Supplied material
================

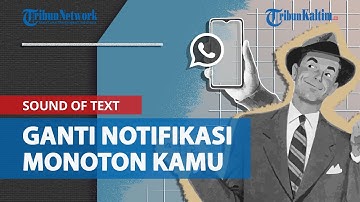 Cara Buat Nada Dering WhatsApp Sebut Nama Sendiri Melalui Sound of Text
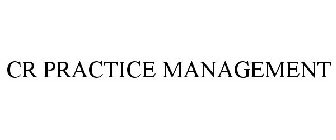 CR PRACTICE MANAGEMENT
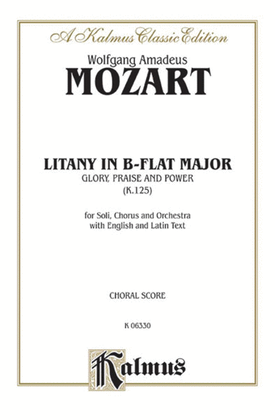 Book cover for Litany in B-flat Major -- Glory, Praise, and Power, K. 125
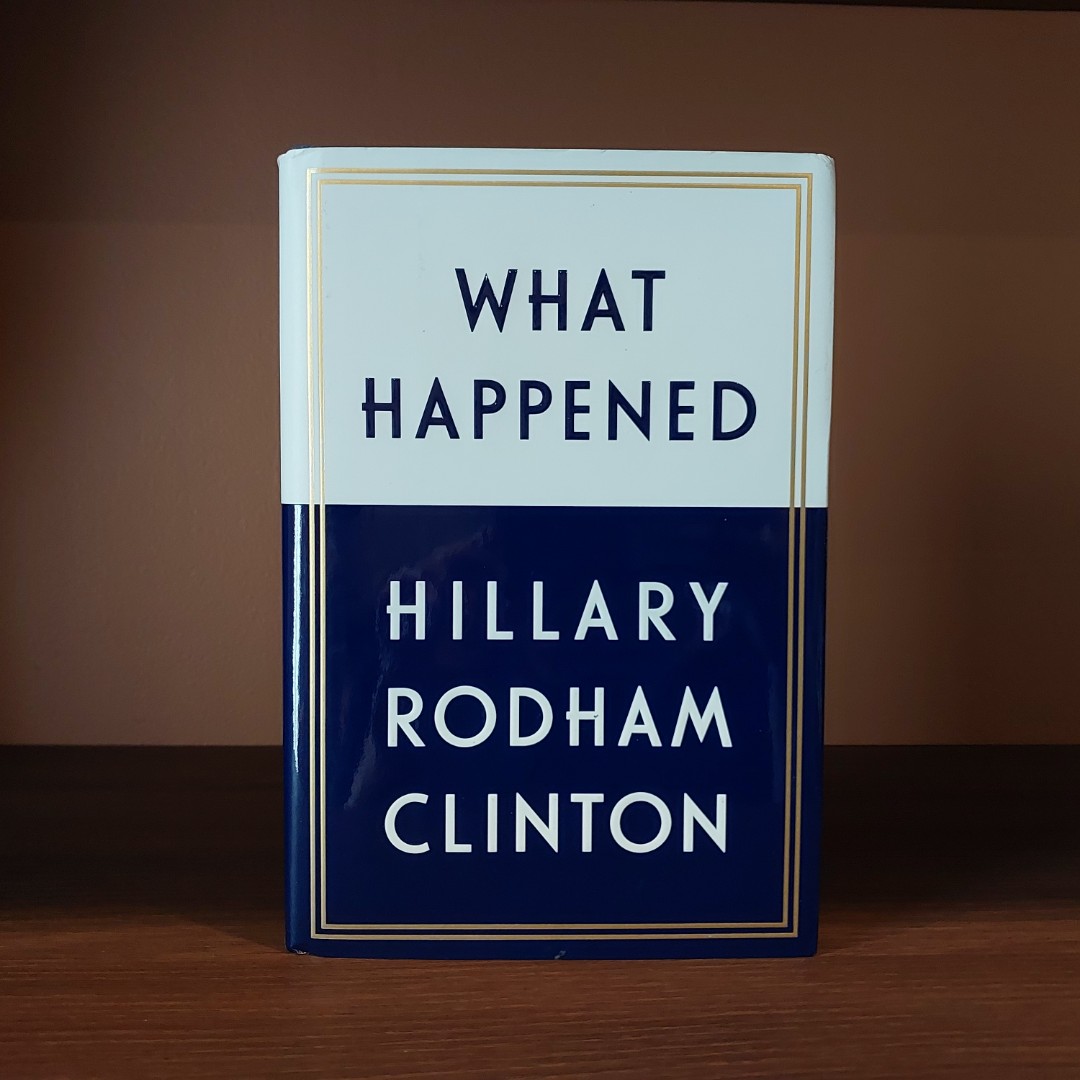 What Happened By Hillary Rodham Clinton Hobbies And Toys Books And Magazines Fiction And Non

================

Work instructions
Line by line, output the material above exactly, passing over the pictures.

Output of the task
 Cara Buat Nada Dering WhatsApp Sebut Nama Sendiri Melalui Sound of Text
 CR PRACTICE MANAGEMENT
 Book cover for Litany in B-flat Major -- Glory, Praise, and Power, K. 125
 What Happened By Hillary Rodham Clinton Hobbies And Toys Books And Magazines Fiction And Non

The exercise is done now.